Complexity comparision of SIMD based algorithm implemenation

An answer to this question on Stack Overflow.

Question

I am just curious to know, what is the way to measure the complexity of an algorithm implemented by two different SIMD say SSE3 and CUDA. Normally we compare algorithm complexity with Big-O notation. Is there any such way to compare runtime improvement with SIMD ?

If somebody ask how much an algorithm will improve if you run it on GPU. Can you measure it theoretically ? without running the benchmark on both CPU and GPU. ?

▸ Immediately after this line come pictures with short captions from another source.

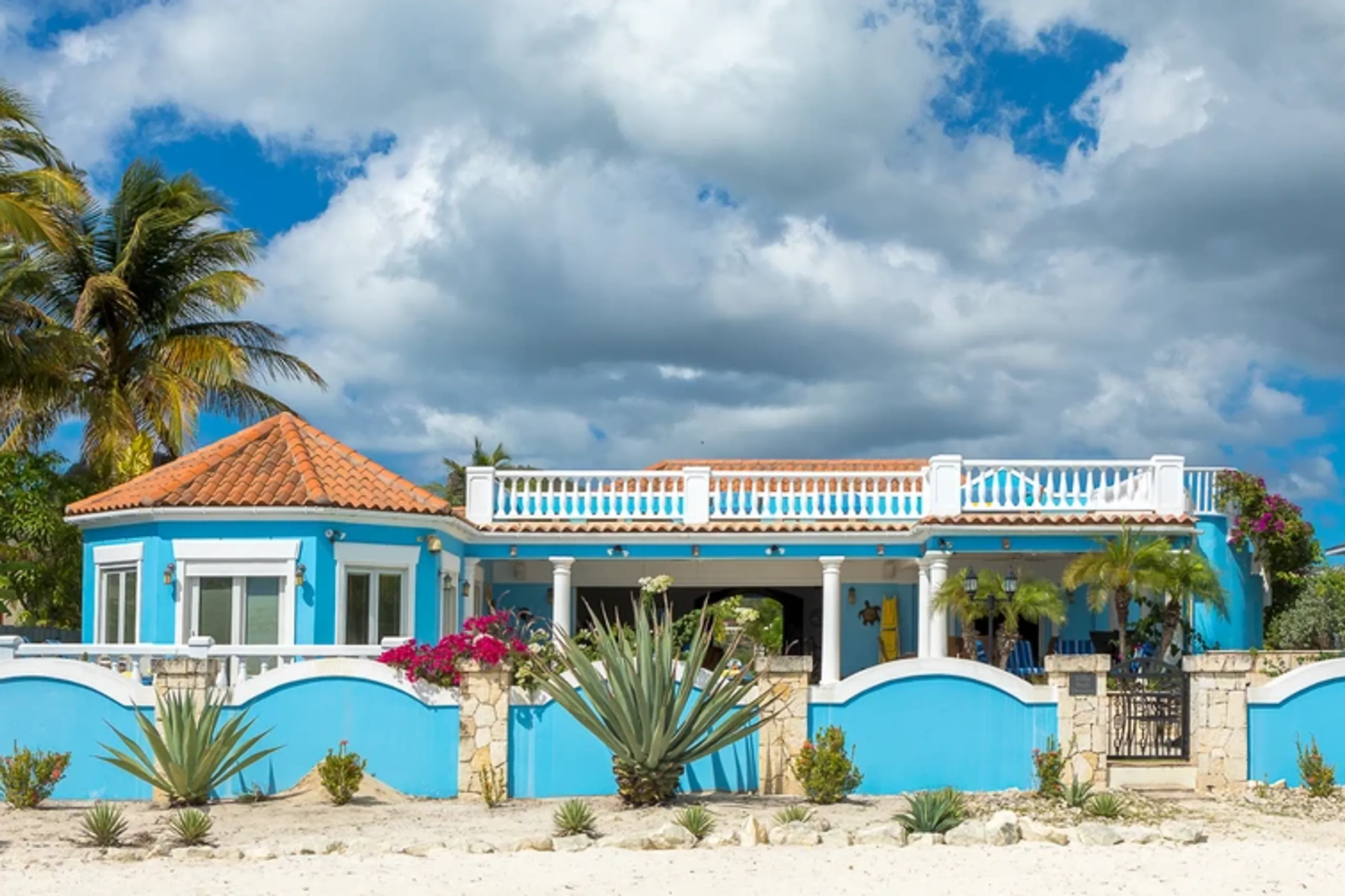 Serene Villa with Private Pool, Direct Beach Access, and Stunning Views — photograph 4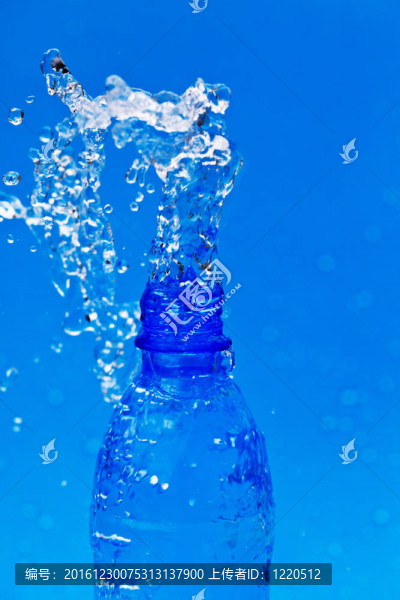 礦泉水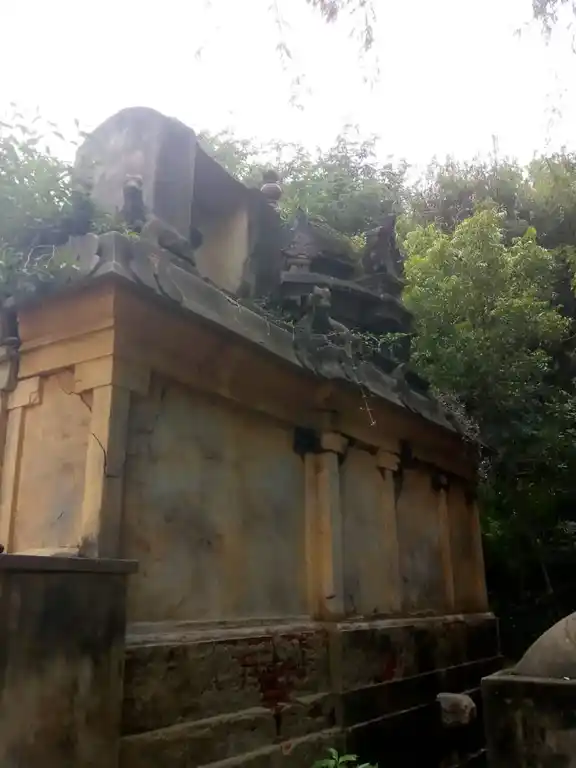 Arulmigu Meeashsundareshwarer Temple, Kavanallur - 612601 மீனாட்சி சுந்தரேஸ்வரர் திருக்கோயில், Kavanallur - 612601, Thiruvarur - Ancient Temple Architecture and History Image 4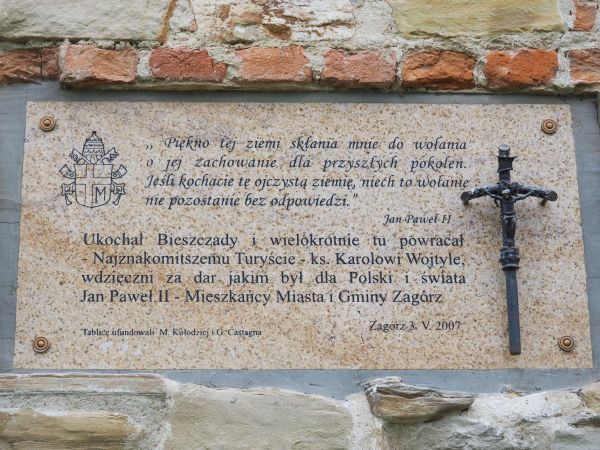 tablica dziękczynna - ku pamięci... j/w, na murach zewnętrznych klasztornego kościoła. Tu wspomnę,  iż do czasu zaborów działało w Polsce 28 klasztorów karmelit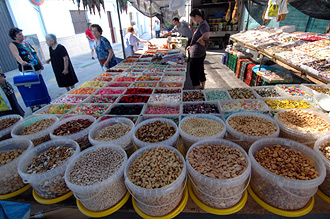 Marknadsstånd med nötter, godis med mera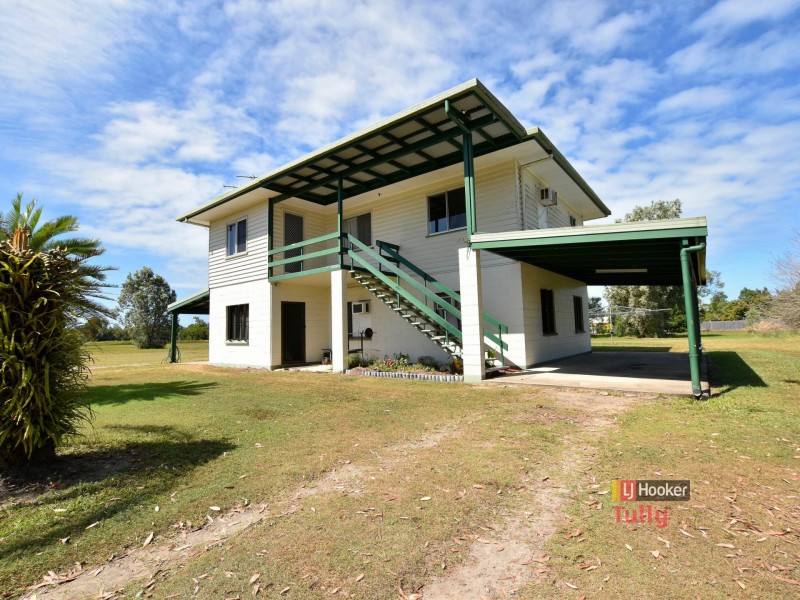 Unit 1-2/9 Vipiana Drive, Tully Heads QLD 4854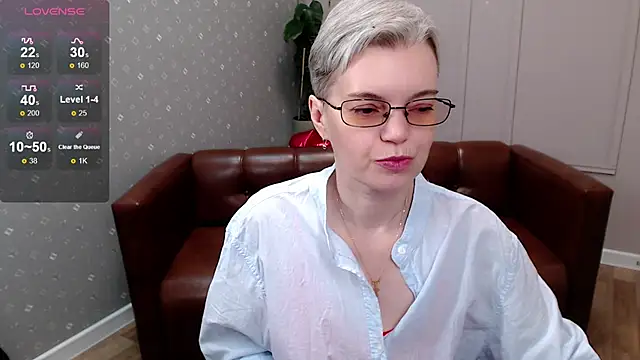 Cutie Erikaa1 online show from April 9, 2:11 am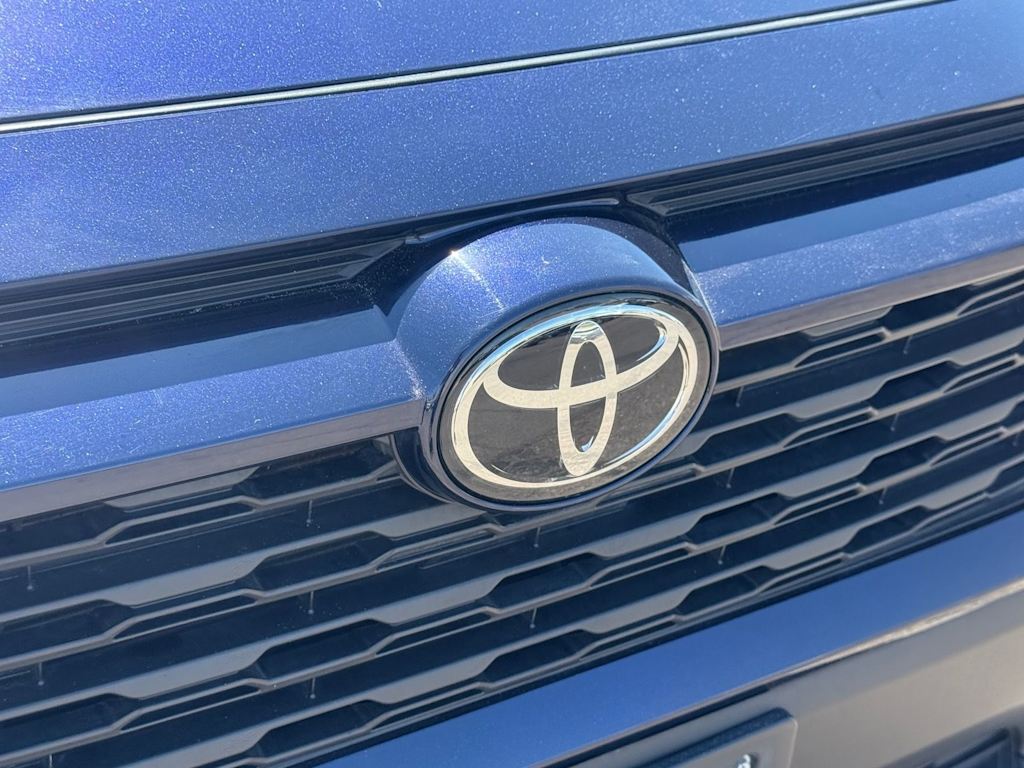 Thumbnail: 2025 Toyota RAV4 - 7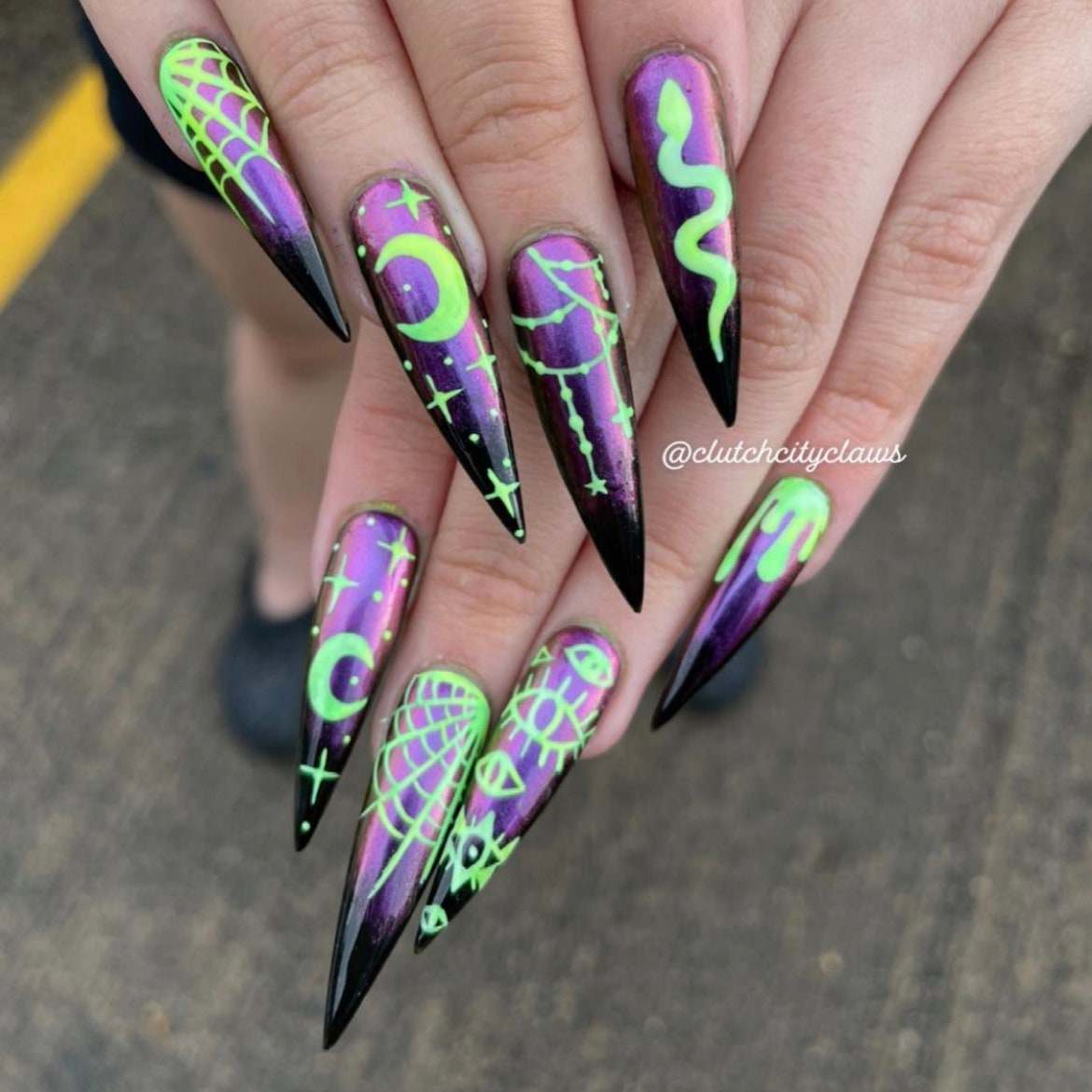 50+ Halloween Nail Ideas 2021 You’ll Actually Want To Wear images 13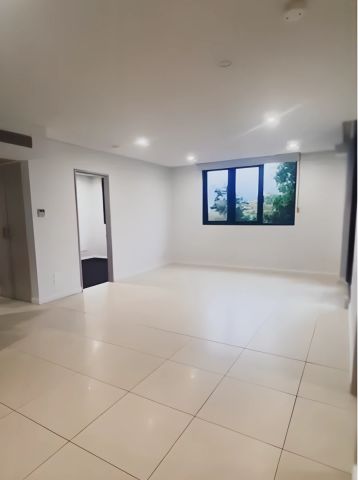 2 bed 2 bath - Photo 2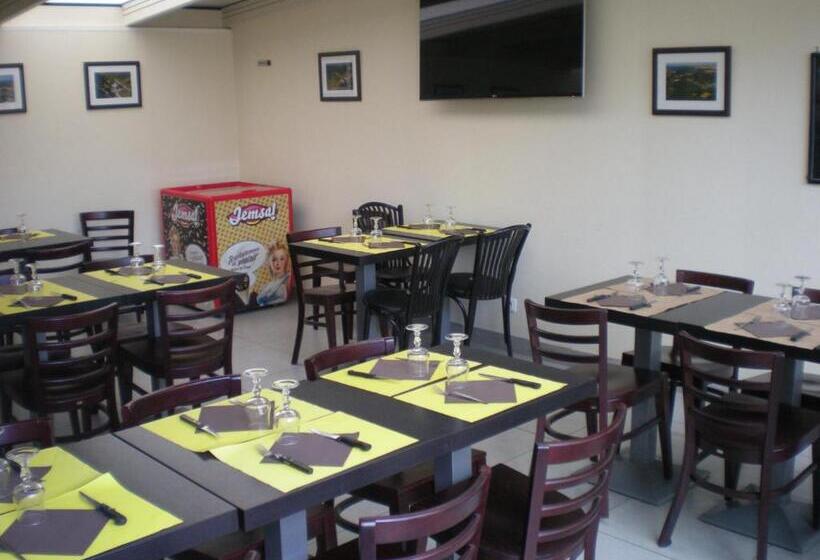 בית מלון כפרי Dg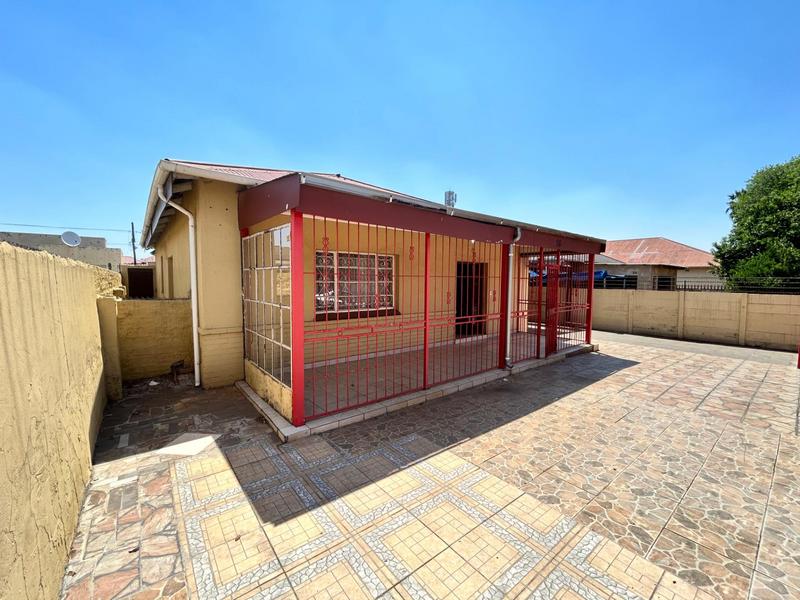 4 Bedroom Property for Sale in Springs Gauteng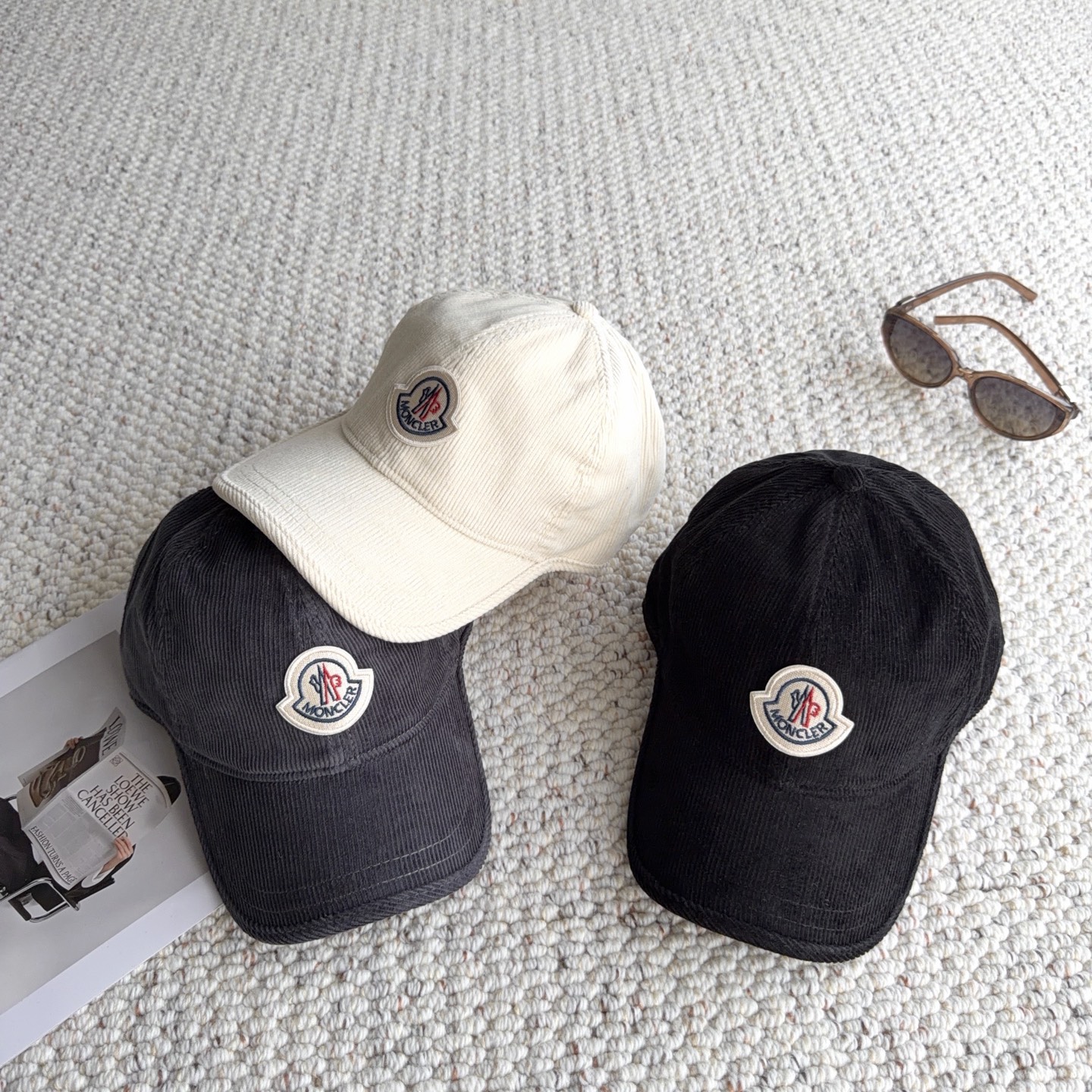 🧢秋冬复古灯芯绒棒球帽｜闭眼入多色合集 秋冬少不了一顶灯芯绒帽子！ 细腻灯芯绒肌理，触感柔软，帽型柔和不压头 经典刺绣徽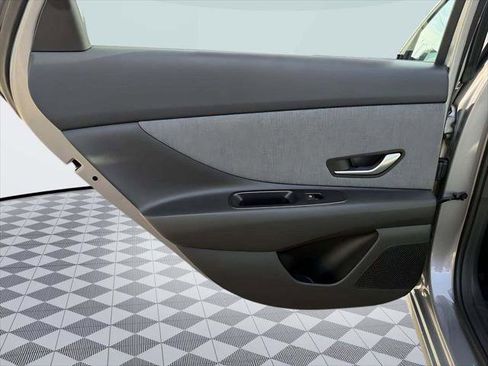 New 2026 Hyundai Elantra Limited image 29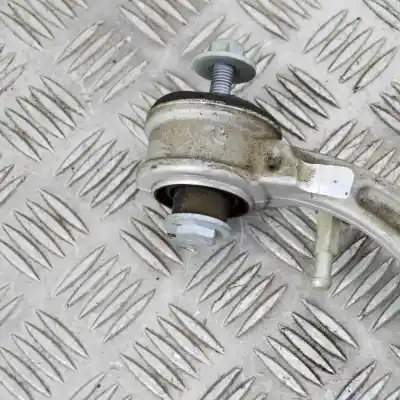 Peça sobressalente para automóvel em segunda mão braço de suspensão superior dianteiro direito por jaguar f-pace x761 (2015-..) off-road referências oem iam hk83-3084  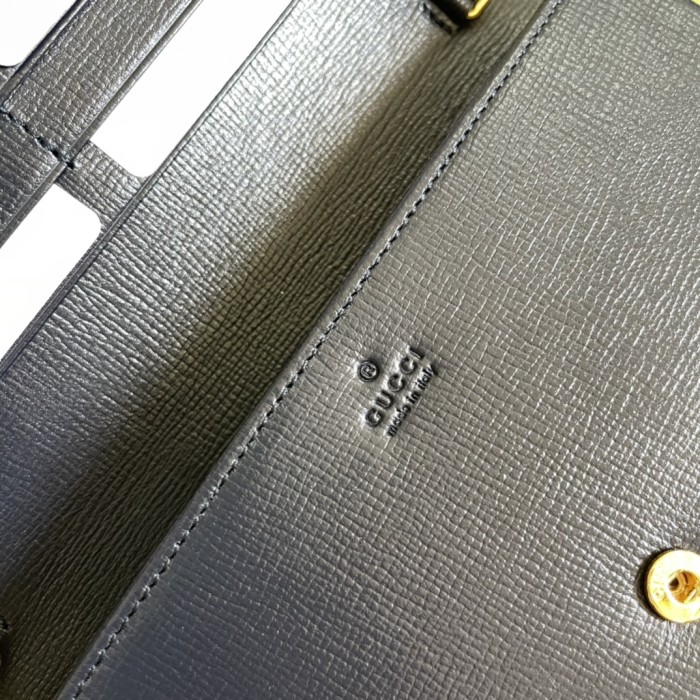 Handbag    Gucci   621892  size  19*10*4  cm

Note: I understand what Big-O is . So, all I want to know is how SSE3 performs compared to CUDA or the CPU based implementation for the same algorithm without raw bench-marking

Answer

Big-O generally speaks about how an algorithm scales as the number of items considered, N, grows.

So, for an O(N) algorithm, if you have 10 times the data, you expect roughly 10 times the run-time. If you have an O(n log₂ n) algorithm, 10 times the data gives you ~33x more work.

Roughly speaking, CUDA and GPUs parallelize operations across p cores. The total work done is then given by W=pt, where p is the number of cores and t the time complexity of each core's operation. You could, for instance, sort N items using √N processors each doing O(√N log N) work. The total time complexity of the algorithm is still O(N log N), but the algorithm is thought of as "work-efficient" because its total time complexity is the same (or less than) the best known serial algorithm. So Big-O analysis can tell you something about how algorithms run in parallel environments.

However, it is not the tool you are looking for. Big-O is for talking about how algorithms scale: it can't tell us how an algorithm will perform on different hardware.

For a theoretical approach to performance, you'll want to look into Amdahl's law and Gustafson's law, which provide simple metrics of how much improvement we can expected in programs when their resources are increased. They both boil down to acknowledging that the total increase in speed is a function of the portion of the program we can speed up and the amount we can speed it up by.

Can you do better than that? Yes. There are more sophisticated models you can use to determine how your code might perform in different environments, looking into the roofline model (alternative link) might get you started.

Beyond this, your question gets too specific to be answered well here. Running the benchmarks is likely to be your personal best option.